__The records__
★ ★ ★ ★

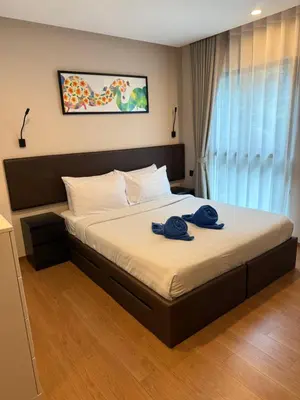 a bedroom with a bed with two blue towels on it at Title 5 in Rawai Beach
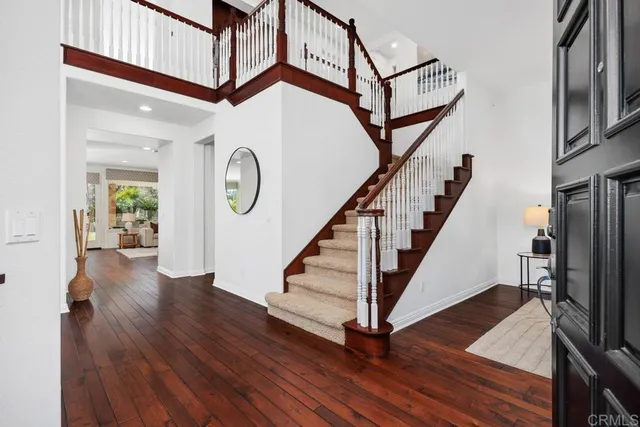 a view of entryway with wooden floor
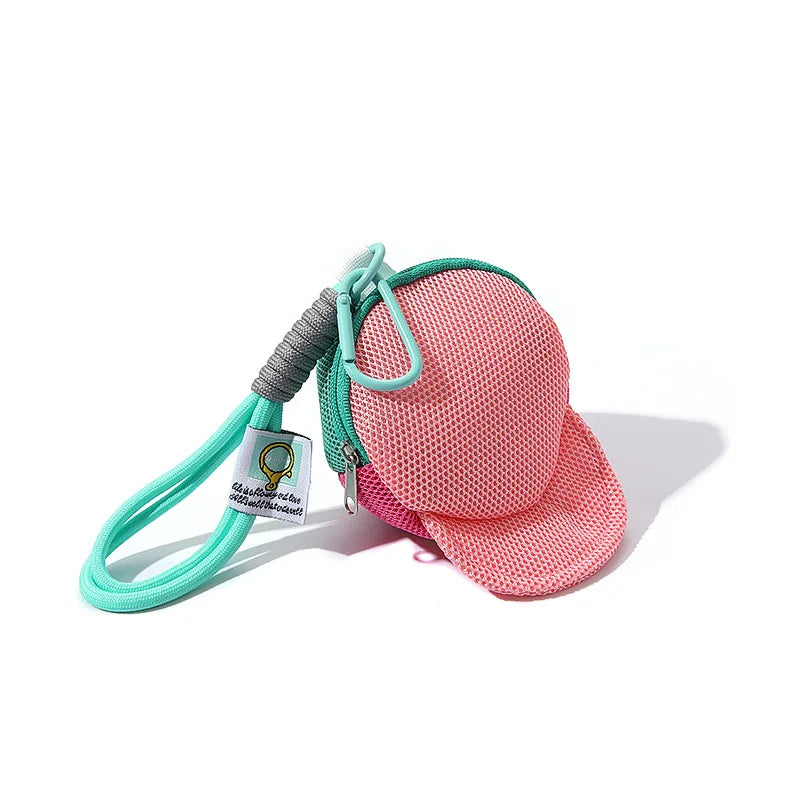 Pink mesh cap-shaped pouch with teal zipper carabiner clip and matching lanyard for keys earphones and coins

★ ★ ★ ★

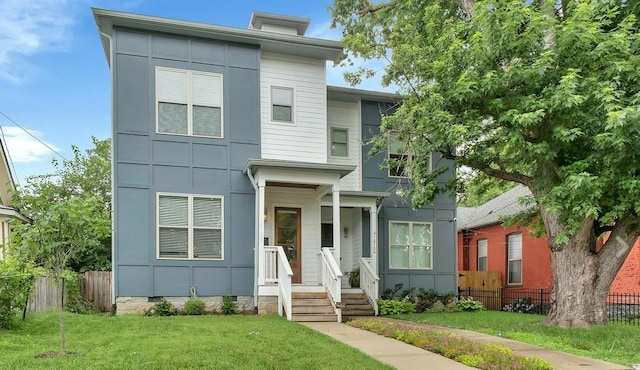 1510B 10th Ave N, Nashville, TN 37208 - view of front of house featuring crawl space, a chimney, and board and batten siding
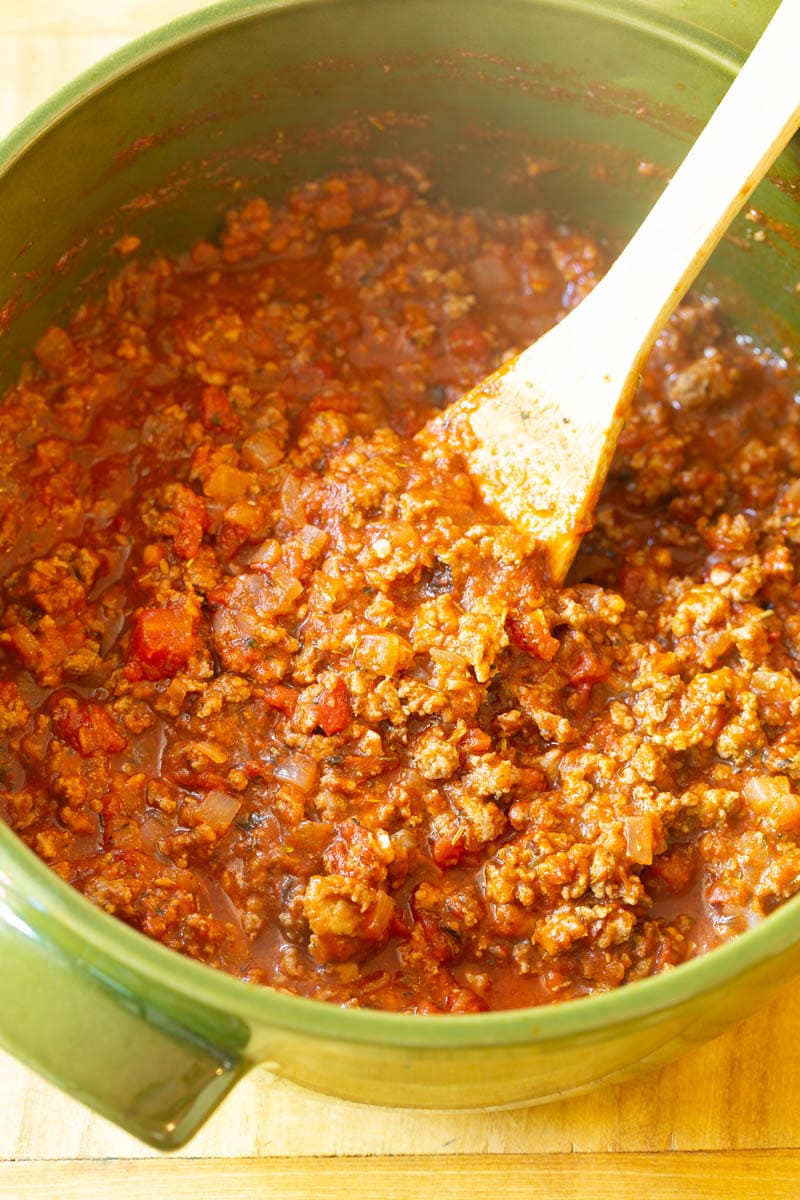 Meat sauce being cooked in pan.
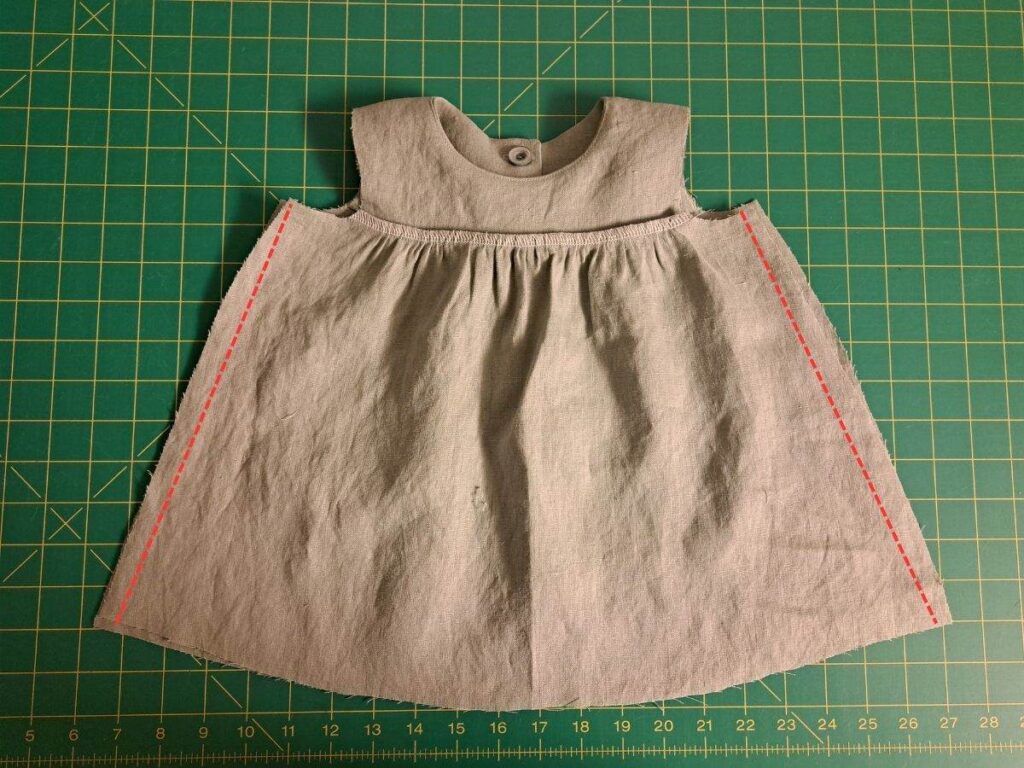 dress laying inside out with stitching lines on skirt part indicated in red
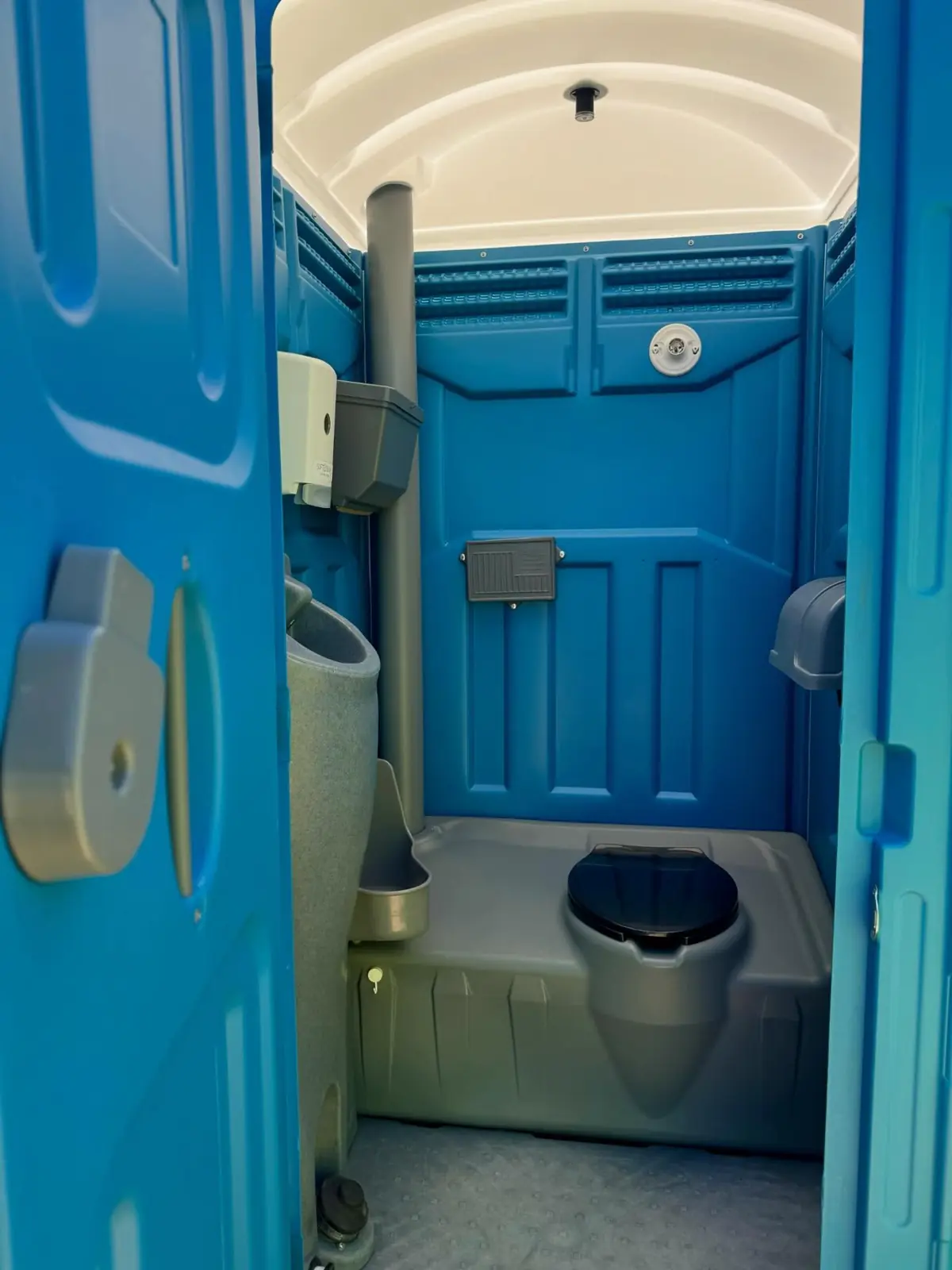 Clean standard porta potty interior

★ ★ ★ ★

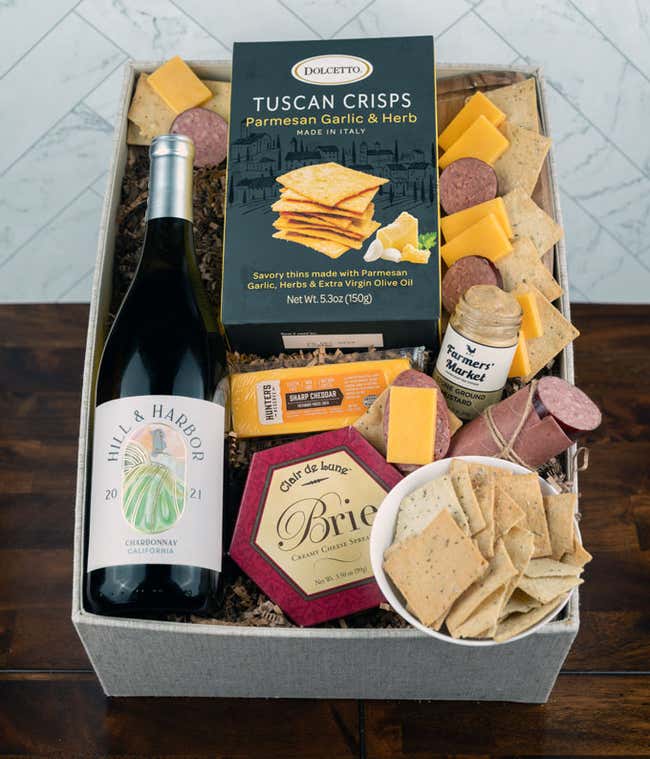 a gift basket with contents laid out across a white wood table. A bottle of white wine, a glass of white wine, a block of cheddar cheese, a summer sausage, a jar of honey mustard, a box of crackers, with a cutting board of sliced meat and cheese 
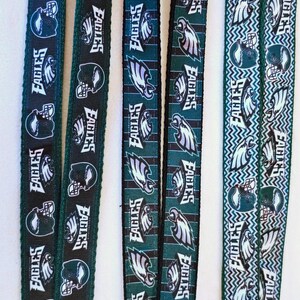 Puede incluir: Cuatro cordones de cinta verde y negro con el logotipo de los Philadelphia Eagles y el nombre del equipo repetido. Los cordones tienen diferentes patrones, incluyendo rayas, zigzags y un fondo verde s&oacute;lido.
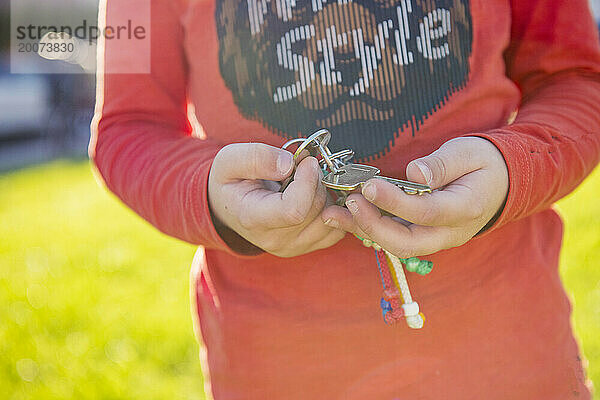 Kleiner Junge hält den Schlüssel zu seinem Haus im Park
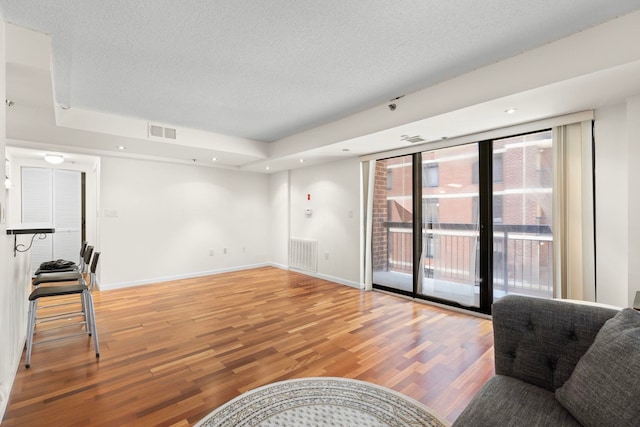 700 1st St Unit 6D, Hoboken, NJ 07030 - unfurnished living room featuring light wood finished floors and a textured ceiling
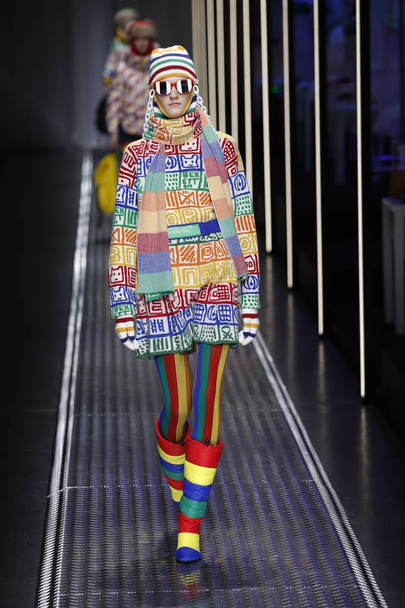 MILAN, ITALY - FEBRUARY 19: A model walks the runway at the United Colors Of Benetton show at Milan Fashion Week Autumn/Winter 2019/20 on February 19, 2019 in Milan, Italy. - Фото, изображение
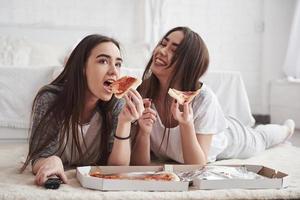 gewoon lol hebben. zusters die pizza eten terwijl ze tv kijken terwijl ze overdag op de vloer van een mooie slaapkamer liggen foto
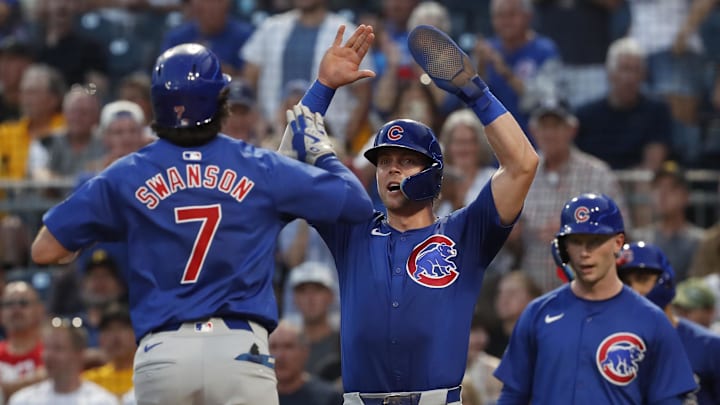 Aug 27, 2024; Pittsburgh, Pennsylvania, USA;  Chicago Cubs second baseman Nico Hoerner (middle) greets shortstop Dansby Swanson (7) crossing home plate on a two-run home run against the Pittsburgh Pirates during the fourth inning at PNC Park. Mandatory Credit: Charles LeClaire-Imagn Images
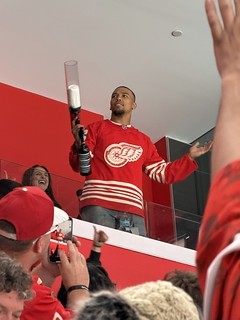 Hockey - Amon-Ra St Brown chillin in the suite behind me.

★ ★ ★ ★

__What you should do__
What you return must match, character for character, the lines above from the one with "a bedroom with" through the one with "Pink mesh cap-shaped", minus any pictures.

__Result for this task__
 a bedroom with a bed with two blue towels on it at Title 5 in Rawai Beach
 a view of entryway with wooden floor
 Pink mesh cap-shaped pouch with teal zipper carabiner clip and matching lanyard for keys earphones and coins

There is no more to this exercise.